Menurut Wakil Ketua DPRD Kabupaten Inhil, Edi Gunawan, bantuan kepada warga pemilik lahan diberikan setelah melalui proses penilaian oleh pihak Pemerintah Kabupaten Inhil.
"Ya jelas ada (bantuan, red). Kita kebun punya masyarakat saja kita rehabilitasi kan. Bantuan di sini mesti jelas. Mungkin bantuan dalam bentuk bibit," ungkap Edi Gunawan, Sabtu (28/9/2019) siang melalui sambungan seluler.
Edi Gunawan memperjelas, hal yang paling dipertimbangkan sebelum adanya pemberian bantuan adalah dampak sosial yang ditimbulkan akibat terbakarnya lahan perkebunan milik masyarakat.
"Kalau memang menimbulkan dampak sosial yang luas, ya kita harus bantu dong. Sah-sah saja," tukas Edi Gunawan.
Namun, Edi mengungkapkan, kabar tentang pelarangan penanaman kembali lahan perkebunan pasca peristiwa kebakaran hutan dan lahan juga harus menjadi perhatian dari pihak pemerintah daerah sebelum mengambil kebijakan pemberian bantuan berupa penyaluran bibit.
"Saya dengar ada larangan untuk lahan yang baru saja terbakar ditanam kembali dalam jangka waktu 1 tahun. Entah ini aturannya apa, Saya juga baru dapat informasi," ujar Edi Gunawan seraya memaknai ganti rugi baru bisa diberikan dalam tempo lebih dari 1 tahun pasca kebakaran.
Terlepas dari urusan bantuan, Edi Gunawan menekankan agar pihak Pemerintah Kabupaten Inhil dapat mengambil langkah pencegahan atas peristiwa kebakaran hutan dan lahan.

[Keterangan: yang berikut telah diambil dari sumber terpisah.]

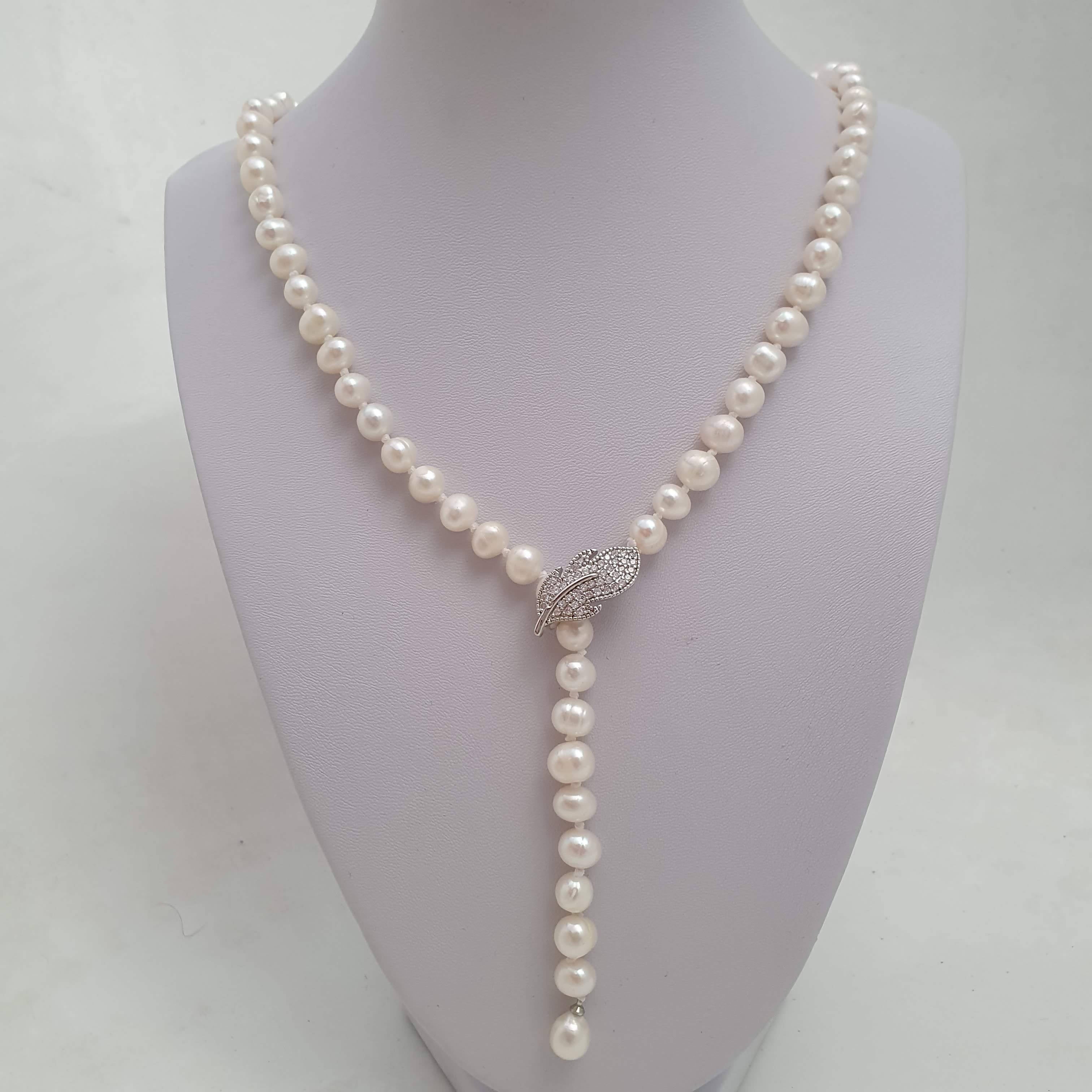 Collar largo perlas de agua dulce con broche hoja microcircones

Salah satu langkah pencegahan kebakaran hutan dan lahan, menurut Edi Gunawan adalah pembangunan tanggul sebagai jaminan ketersediaan air, khususnya di kawasan rawan kebakaran.

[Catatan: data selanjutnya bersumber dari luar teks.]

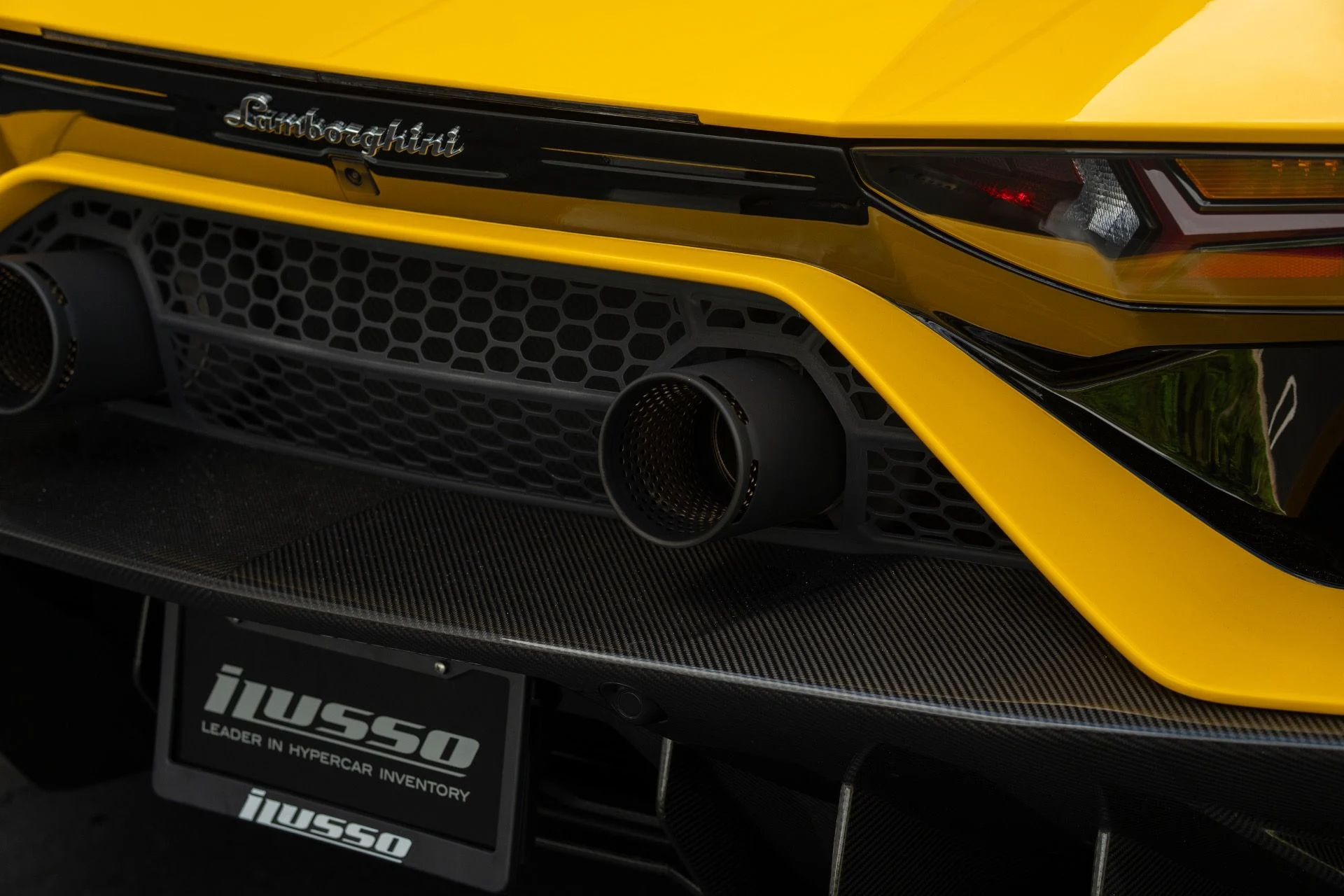 mph021_3702299746_Used_2022_Lamborghini_Aventador_LP_780_4_Ultimae_1757714109_fb7d3e7d40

Disamping itu pula, Edi Gunawan mengharapkan adanya petugas dari instansi pemerintah terkait yang bersiaga di titik-titik rawan kebakaran hutan dan lahan.

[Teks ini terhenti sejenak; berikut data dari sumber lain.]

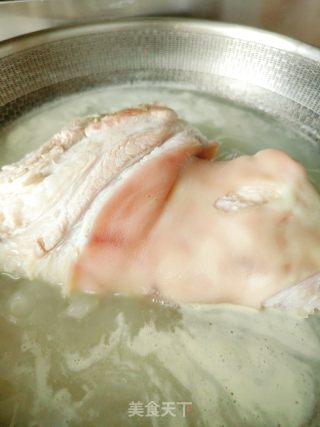 高压锅焖蹄膀的做法步骤：3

"Harus siaga, kita ini lahan gambut. Kalau masuk musim kemarau, kemungkinan untuk terbakar dan kebarakan meluas itu ada. Jadi, memang harus waspada dan selalu siaga," kata Edi Gunawan.

Berita Lainnya
Polsek Sabak Auh Cek Lahan Ketahanan Pangan, Siapkan Penanaman Jagung Pipil Program Asta Cita
Kapolres Indragiri Hilir Beri Kejutan Ulang Tahun ke-42 untuk Dandim 0314/Inhil, Perkuat Sinergitas TNI-Polri
Kapolsek Sabak Auh Sosialisasikan Green Policing, Cegah Bullying dan Tanam Bibit Pohon Bersama Siswa
Kembali di Tahun 2026,LBHK Markfen Justice Jalin Kerjasama Bantuan Hukum Dengan Polres Inhil
GOW Kab. Kampar Peringati HAN Tahun 2026, Dengan Gelar Berbagai Kegiatan Di UPT SDN 012 Langgini
Polantas Menyapa, Satlantas Polres Inhil Tanamkan Budaya Tertib Berlalu Lintas Sejak Usia Dini
Geram Lihat Mangrove Dirusak, Kapolda Riau: Ini Benteng Masyarakat Pesisir, Tempat Satwa Berkembang Biak!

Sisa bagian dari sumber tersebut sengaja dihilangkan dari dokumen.